In English there are only the words: JAM and JELLY to name specific products made in many ways from fruits. In Romanian language there are more words (gem, dulceata, magiun, peltea and maybe others).
These recipes could be more interesting than the previous ones, especially for the British public. Of course, I tested them on many natives, to realize these is one of the favorite desserts. Packages with pancakes exist in all grocery stores and they are served successfully in Pubs. Those whom I have served, were unaware that pancakes could be served, cold as well as warm, or in a different manner from theirs. The dough I make, is enough for 12 pancakes (Calin eats about 7-8 as dessert, at one meal).
Pancakes. In a stainless steel bowl I crack 2 eggs, put bit of salt (as to any sweet), a small package vanilla sugar, bit of rum, a little bit of sodium bicarbonate and a teaspoon of oil. Then, I put flour, probably about 100 g and blend well. I pour milk, little first, to homogenize the dough. Add milk so that the composition looks and has a "single cream" consistence (perhaps, 200 ml). On the cooker is placed a Teflon pan and pour sunflower oil (which is cheaper and I will discard after use). When the oil is very hot on the eye stove at the strong position, pour it into a cup which lies on a paper towel on the kitchen cabinet (about 1-2 cm of oil will be into the cup). Put the pan, again o stove and pour about a middle ladle from the composition. I swing the pan until its bottom is coated of composition. I leave the fire at half. The pancake is fried when it detaches easily from the pan with a blade (about 20-30 seconds). Turn up on the other side and I leave less time on the stove. Drop it on a plate. Pour the oil from the cup in the pan, let it heat up, pour it in the cup and pour the dough. The operation executes as many times as long there is dough. Meanwhile, I fill with a row of sour cherry berries and bit of syrup from the sweet jam (prepared by me in June, from ripped fruits in the fruit tree, situated some 200 meters from my house). I run the pancakes, put them on a plate and sprinkle with ground walnuts or ... not. We eat them hot or cold, they are equally good, but only on the day of cooking.

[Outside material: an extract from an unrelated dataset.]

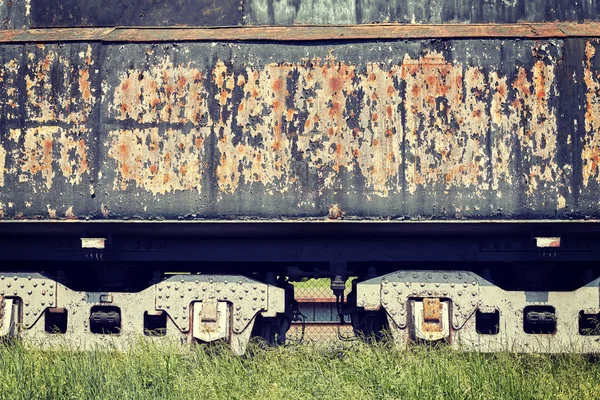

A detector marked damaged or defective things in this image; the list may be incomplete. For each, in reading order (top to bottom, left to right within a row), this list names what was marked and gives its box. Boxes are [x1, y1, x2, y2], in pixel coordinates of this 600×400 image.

corroded metal edge [3, 22, 600, 42]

Sometimes, I fill the pancakes with a mixture of fresh sweet cheese, vanilla sugar, raisins, cinnamon and rum. Another time, the mixture consists of honey and a bit toasted walnuts in the oven and then grinded. When I serve them as appetizer, certainly, I do not put sugar and rum into the dough and the filler may be race salted hard cheese (salad, cottage), diced sausage salami. Or I make a spicy mixture from salad cheese, fresh sweet cheese, cream, butter, garlic finely chopped and fill the pancakes, sprinkle chopped dill, or pour a sauce of tomato paste, sweet and chilly paprika paste, pepper, bit of vinegar, honey and sugar, salt, all fried in corn oil, pour hot water and boil.
Sour cherry sweet jam. In the UK I have seen about 2 sour cherry trees in Lincoln, on Yarborough Rd. and one at about 200 m from my house, one I use to collect the sour cherries in June. 2 years ago, I made sour cherry brandy (a sweet alcoholic drink, suitable more for women), of which I drank very little, because I do not drink alcohol. I think, I should done concentrate syrup, than sour cherry brandy! But each year I make sour cherry sweet jam, because it's our favorite sweet jam, a fine sweetness with a sweet, sour, maybe a little bitter taste.

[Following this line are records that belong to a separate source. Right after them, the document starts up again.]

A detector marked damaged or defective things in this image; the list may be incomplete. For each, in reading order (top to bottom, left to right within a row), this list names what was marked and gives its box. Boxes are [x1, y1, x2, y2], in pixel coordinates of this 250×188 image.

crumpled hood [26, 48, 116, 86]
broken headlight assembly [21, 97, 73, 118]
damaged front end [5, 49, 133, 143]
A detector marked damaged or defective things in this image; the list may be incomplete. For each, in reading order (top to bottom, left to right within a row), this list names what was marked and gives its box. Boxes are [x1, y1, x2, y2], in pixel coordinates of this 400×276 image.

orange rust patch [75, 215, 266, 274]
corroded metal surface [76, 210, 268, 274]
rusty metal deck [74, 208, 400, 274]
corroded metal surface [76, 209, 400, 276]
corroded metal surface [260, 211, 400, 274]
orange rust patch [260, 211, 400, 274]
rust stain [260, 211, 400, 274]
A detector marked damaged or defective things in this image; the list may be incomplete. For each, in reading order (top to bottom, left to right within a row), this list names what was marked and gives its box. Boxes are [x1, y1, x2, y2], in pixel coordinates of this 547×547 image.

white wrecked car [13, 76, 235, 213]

I have already said, I do not taste food nor I measure the ingredients; I make everything "from eyes". So, after I wash the sour cherries, I remove the pips using a safety pin. I put some pips in the garden; I already have 2 sour cherry trees aged about three years, but do not know if this year they will do sour cherries. I put the sour cherries, along with the juice, in a bowl with sugar (about 1 kg of sugar and 1 of sour cherries). I use the strong fire until the sweet jam starts to boil and then slow down. And so it boils and boils for about an hour and a half, maybe more, to become clotted.
The sour cherry sweet jam gets clotted harder, because the sour cherries leaves more juice then other fruits. I do not use gelatin to make it clotted. When the foam rises I take it off with a spoon with holes and wipe the inside foam on the edges of the dish with kitchen towels. When the foaming is finished, I mingle the sweet jam, from time to time to not become brown. When I think, the sweet jam is ready, I put a little bit of syrup in a plate. If the syrup becomes sticky, when cooled, it means that the sweet jam is ready. I pour the sweet jam in small jars placed on a metal blade, to not break the glass. Then, I screw the caps and leave them to cool; then put them in the storage place to use when needed.PS Calin likes to eat, sometimes, real bread with real butter and real sweet cherry jam, instead of another dessert.